Des pits neufs, la guerre du matos qui repart de plus belle, une piste qui n’en fini pas de surprendre, un format de qualif qui fait parler, un plateau chamboulé par les blessures, et une pression qui monte d’entrée. Voilà le décor. La Coupe du Monde 2025 de DH s’ouvre ce week-end à Bielsko-Biała, en Pologne, et personne n’arrive vraiment dans un confort absolu, quelles que soient les apparences. Les repères sont à construire, les ambitions à confirmer, les retours à valider. C’est peut-être ce qu’il fallait pour faire tomber les masques et lancer la saison à fond. Ce qui se trame en piste, et à côté, sur FullAttack !

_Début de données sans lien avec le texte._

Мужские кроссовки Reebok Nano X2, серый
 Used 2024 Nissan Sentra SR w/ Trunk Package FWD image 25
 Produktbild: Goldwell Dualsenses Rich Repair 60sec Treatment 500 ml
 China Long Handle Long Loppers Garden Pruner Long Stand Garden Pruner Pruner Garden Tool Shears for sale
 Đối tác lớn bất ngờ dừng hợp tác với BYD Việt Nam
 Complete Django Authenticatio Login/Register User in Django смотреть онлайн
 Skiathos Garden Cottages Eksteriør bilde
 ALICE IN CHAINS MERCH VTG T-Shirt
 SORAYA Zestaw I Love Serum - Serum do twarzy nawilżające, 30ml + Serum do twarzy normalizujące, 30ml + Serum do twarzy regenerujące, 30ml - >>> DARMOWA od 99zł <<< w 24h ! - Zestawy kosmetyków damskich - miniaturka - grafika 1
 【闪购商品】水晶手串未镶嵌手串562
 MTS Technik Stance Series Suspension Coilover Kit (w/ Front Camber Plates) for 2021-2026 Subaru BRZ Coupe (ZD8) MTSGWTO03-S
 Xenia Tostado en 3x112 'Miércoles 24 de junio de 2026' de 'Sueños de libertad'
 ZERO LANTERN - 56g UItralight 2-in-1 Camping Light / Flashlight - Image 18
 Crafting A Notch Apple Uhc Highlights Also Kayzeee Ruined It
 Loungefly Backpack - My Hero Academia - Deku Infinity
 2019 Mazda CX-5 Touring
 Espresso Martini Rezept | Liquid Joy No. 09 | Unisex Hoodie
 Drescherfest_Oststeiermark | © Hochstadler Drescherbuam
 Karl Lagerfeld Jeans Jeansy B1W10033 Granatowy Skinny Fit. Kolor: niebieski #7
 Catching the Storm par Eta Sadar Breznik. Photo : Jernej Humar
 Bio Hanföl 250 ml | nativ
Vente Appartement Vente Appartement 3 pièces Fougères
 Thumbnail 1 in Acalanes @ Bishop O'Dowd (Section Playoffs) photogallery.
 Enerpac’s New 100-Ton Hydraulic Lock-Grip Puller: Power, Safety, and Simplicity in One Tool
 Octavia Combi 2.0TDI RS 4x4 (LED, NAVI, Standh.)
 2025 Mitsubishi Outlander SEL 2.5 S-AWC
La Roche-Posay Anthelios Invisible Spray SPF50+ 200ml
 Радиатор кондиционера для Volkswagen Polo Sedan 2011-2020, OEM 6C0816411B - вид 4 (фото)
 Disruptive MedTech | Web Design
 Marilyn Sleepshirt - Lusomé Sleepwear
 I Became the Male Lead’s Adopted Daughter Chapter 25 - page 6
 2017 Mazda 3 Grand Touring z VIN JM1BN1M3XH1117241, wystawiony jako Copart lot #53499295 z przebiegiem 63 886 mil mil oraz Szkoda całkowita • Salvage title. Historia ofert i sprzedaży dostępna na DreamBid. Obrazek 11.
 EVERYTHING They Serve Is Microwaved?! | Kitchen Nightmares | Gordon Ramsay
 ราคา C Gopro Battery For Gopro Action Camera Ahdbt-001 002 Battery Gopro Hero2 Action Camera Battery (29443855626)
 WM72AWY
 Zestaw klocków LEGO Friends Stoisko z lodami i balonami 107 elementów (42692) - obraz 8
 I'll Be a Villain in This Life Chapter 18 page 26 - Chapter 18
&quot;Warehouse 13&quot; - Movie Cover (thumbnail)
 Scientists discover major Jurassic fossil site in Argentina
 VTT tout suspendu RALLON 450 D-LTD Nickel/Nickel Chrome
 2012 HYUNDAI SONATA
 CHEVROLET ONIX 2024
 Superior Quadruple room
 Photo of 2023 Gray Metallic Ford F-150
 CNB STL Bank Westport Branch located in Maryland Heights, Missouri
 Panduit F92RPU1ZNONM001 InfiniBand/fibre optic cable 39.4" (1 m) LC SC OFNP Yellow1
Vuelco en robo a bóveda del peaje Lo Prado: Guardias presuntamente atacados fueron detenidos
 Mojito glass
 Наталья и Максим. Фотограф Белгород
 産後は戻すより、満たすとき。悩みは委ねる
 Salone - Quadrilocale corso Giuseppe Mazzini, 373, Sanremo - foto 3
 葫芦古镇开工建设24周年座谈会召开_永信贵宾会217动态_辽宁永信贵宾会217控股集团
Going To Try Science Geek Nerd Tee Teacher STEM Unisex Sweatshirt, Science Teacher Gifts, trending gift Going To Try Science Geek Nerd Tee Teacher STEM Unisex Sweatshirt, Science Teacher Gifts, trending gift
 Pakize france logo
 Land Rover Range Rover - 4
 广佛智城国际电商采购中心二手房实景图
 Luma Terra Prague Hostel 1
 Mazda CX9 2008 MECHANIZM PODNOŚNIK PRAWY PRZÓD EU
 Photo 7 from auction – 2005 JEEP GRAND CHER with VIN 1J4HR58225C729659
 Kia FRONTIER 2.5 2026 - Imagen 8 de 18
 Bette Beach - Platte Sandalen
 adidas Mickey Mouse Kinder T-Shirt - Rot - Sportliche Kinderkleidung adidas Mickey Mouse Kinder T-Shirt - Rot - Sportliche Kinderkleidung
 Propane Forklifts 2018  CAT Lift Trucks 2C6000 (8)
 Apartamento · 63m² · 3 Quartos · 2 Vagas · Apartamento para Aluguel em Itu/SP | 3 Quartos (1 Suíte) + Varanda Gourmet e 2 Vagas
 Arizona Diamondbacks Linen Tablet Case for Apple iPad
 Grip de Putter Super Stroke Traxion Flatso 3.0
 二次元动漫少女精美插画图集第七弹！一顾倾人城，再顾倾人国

Les nouveaux pits sont de sortie
C’est la rentrée des classes… y compris dans le paddock. Et comme chaque année, ça déballe du neuf. Peut-être même plus cette année que les précédentes… Du moins, on sent un nouveau cap de franchi cette saison ! Après des mois passés à plancher sur les plans, les aménagements, les optimisations, les staffs sortent enfin leurs nouveaux jouets. Les installations repensées ou fraîchement construites font leur première sortie officielle, et on sent l’impatience de voir si les efforts de l’hiver vont vraiment payer une fois la machine lancée.
Les athlètes, eux, jaugent déjà. Le coin détente, la cantine, le sens de circulation dans le stand : tout ce qui touche à la routine quotidienne passe au scanner. Parce que quand le rythme s’accélère, c’est là que la logistique fait la différence. Et quand tout roule, on peut rester dans sa bulle sans se cramer pour des détails. Sauf que tout ça ne s’improvise pas. Monter une nouvelle structure demande du monde, du savoir-faire, de l’anticipation. Et quand le terrain, comme souvent, est un parking en pente ou un champ de graviers détrempé, les galères s’invitent vite. Les équipes rodées encaissent. Pour les structures plus jeunes, ça peut vite devenir un sacré casse-tête.
Au milieu du paddock, deux stands attirent les regards cette année : Orbea FMD et Commencal/Muc-Off.
Les deux franchissent le cap dont on a parlé en début de paragraphe. Dans les deux cas, parce que les structures qui se déploient façon motor-home de F1 ou Moto GP. Chez FMD, c’est pour prendre de la hauteur, et s’offrir un niveau de plus dans l’agencement de l’ensemble. Tony, père de Tahnée Seagrave, y a passé ces derniers moins pour s’assurer que tout soit prêt à temps. Le Commencal/Muc-Off, lui, s’enferme dans un cocon : espace cloisonné, parquet chez les mécanos, ambiance feutrée, même quand il pleut à verse dehors. Bref, le paddock monte en gamme !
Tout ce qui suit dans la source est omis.